0

I have been trying to improve my knowledge with Python and I think the code is pretty forward. However I do dislike abit the coding style I have done where I use too much try except in a content there it might not needed to be at first place and also to try to avoid the silenced expetions.

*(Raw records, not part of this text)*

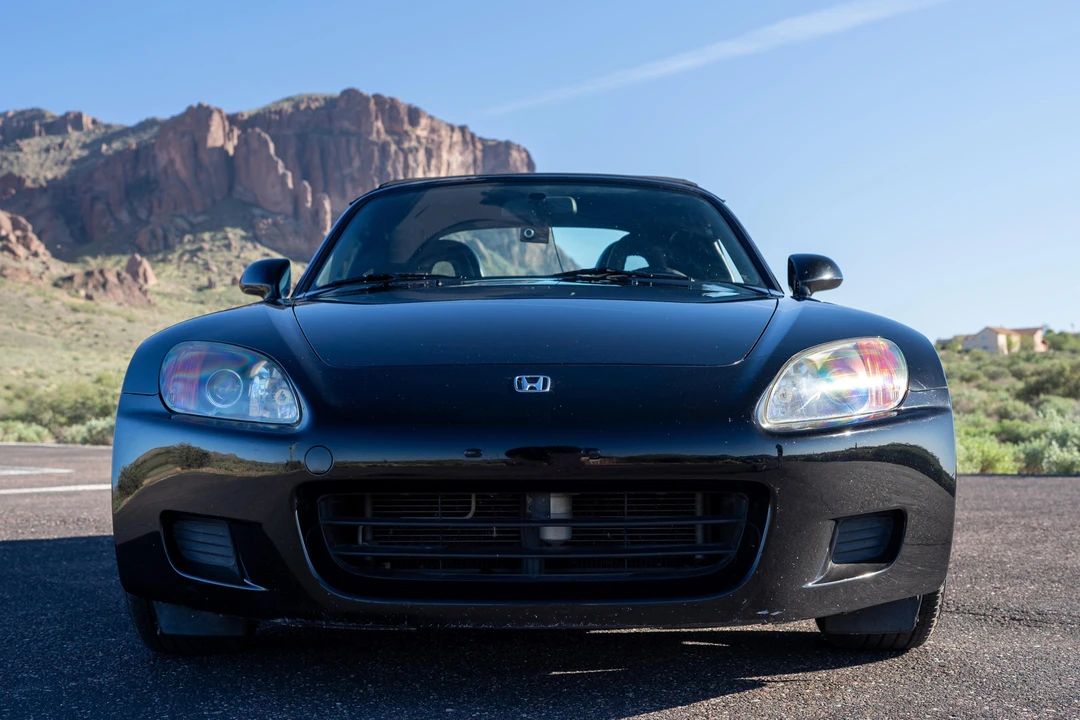 2000 Honda AP1 S2000 - Image 2 of 31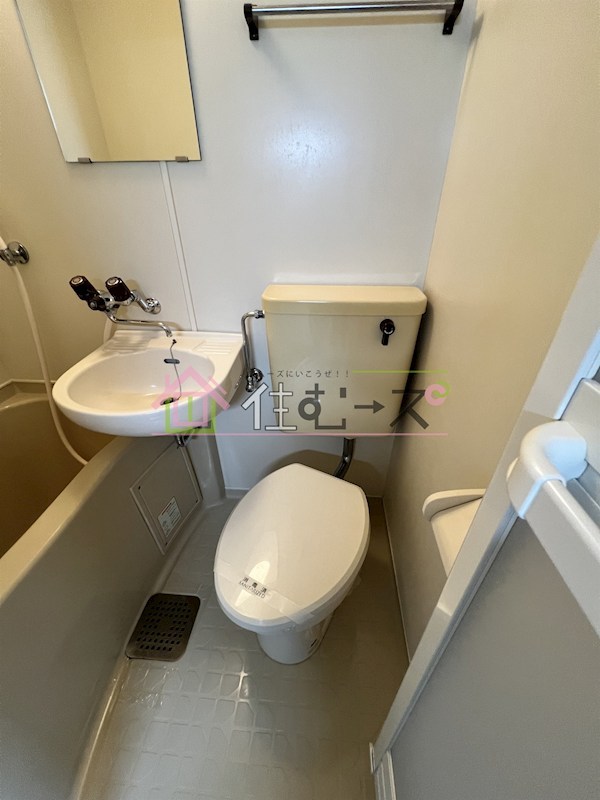 リアライズ新今里Ⅱ その他6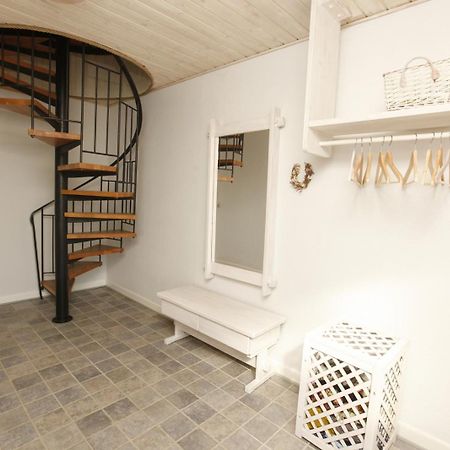 Loftgard Bed And Bath Ovtrup Exterior foto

My goal is basically to have a ready payload before scraping as you will see at the top of the code. Those should be always declared before scraping. What i'm trying to do basically is to try to scrape those different data. If we don't find the data, then it should skip or set the value to [], None or False (Depending on what we are trying to do). I have read abit regarding getattr and isinstance functions but im not sure if there might be a better way than using lots of Try except as a cover if it doesn't find the element on the webpage.

import requests
from bs4 import BeautifulSoup

payload = {
    "name": "Untitled",
    "view": None,
    "image": None,
    "hyperlinks": []
}

site_url = "https://stackoverflow.com/questions/743806/how-to-split-a-string-into-a-list"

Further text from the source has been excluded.